**Material provided:**
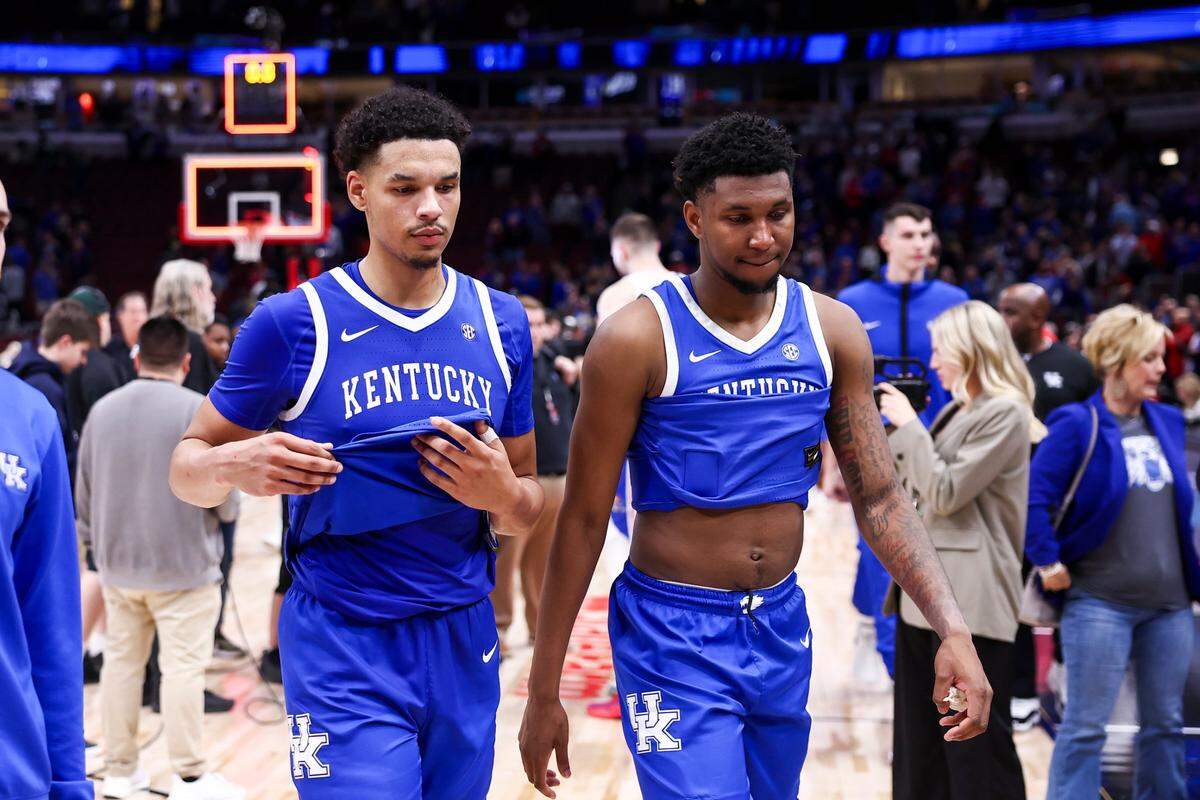Kentucky’s Tre Mitchell, left, and Justin Edwards walk off the court after their team’s loss to Kansas in the Champions Classic at the United Center in Chicago. MItchell finished with eight points and Edwards one.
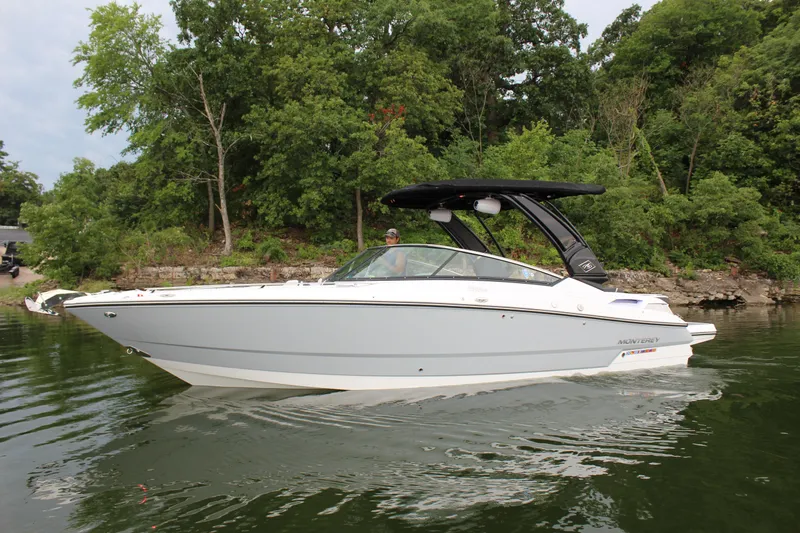 Slide: The Image of 2023 Monterey 298SS boat cruising on a lake with lush green trees in the background. - 25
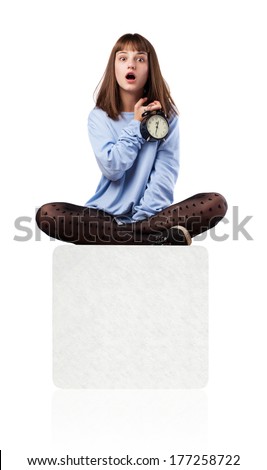worried young woman with an alarm clock sitting on a white box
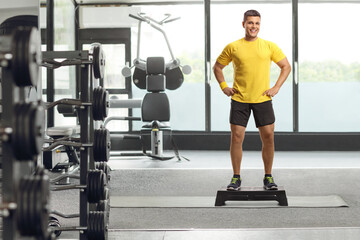 Man standing on a step aerobic platform at a gym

**What needs to be done:** From the line with "Slide: The Image" through the end of the listing, write out every line exactly, leaving out the pictures.

**Finished task:**
 Slide: The Image of 2023 Monterey 298SS boat cruising on a lake with lush green trees in the background. - 25
worried young woman with an alarm clock sitting on a white box
 Man standing on a step aerobic platform at a gym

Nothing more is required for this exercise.